Hailing from Hakata, Kyushu, Ishii enjoyed a wild childhood that was ultimately shaped by the region’s vibrant punk scene of the 1970s. Along with Tokyo, Kyushu was a breeding ground for punk bands and culture that swept up the teenaged Ishii and heavily influenced his artistic interests. Upon enrolling in Tokyo’s Nihon University, the fiercely independent student lived by his punk values, frequenting lectures only when in need of filmmaking equipment. The young director’s university years culminated in his thesis project, the boisterous biker gang extravaganza Crazy Thunder Road (1980). The intensely rebellious film features aesthetics that, in hindsight, can be categorised as proto-cyberpunk. The dusty, dystopian urban setting and anti-hero Jin’s boxy armour are clear precursors to later cyberpunk visual staples.

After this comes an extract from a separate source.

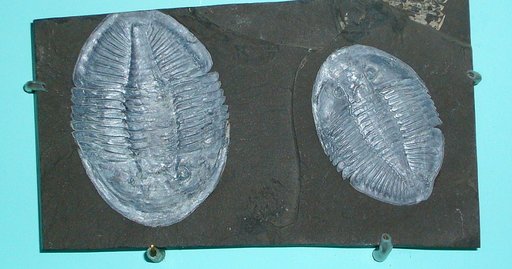 Pseudogygites latimarginatus (Hall, 1847)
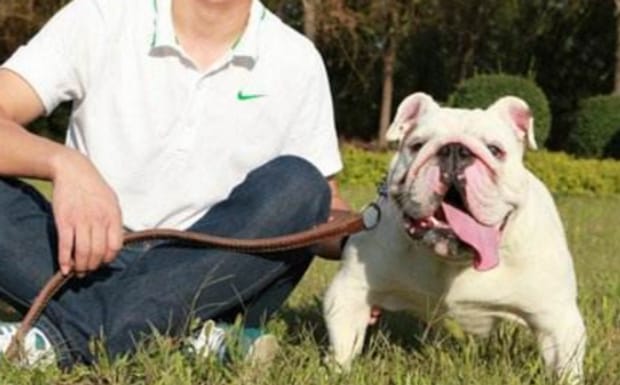 英牛犬如何喂养,英国斗牛犬怎么训练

Produced on a shoestring budget and comprised of a voluntary cast and crew, Crazy Thunder Road was remarkably picked up for national distribution by studio Toei, marking a resounding success for Ishii that allowed him to embark on a far more ambitious project – Burst City (1982). Set in a post-industrial near-future, the film is a one-of-a-kind piece of authentic punk cinema. Bands fight with the police and each other, gangsters wage war on disfigured vagrants, and a pair of deranged biking brothers rage across the wasteland-like terrain.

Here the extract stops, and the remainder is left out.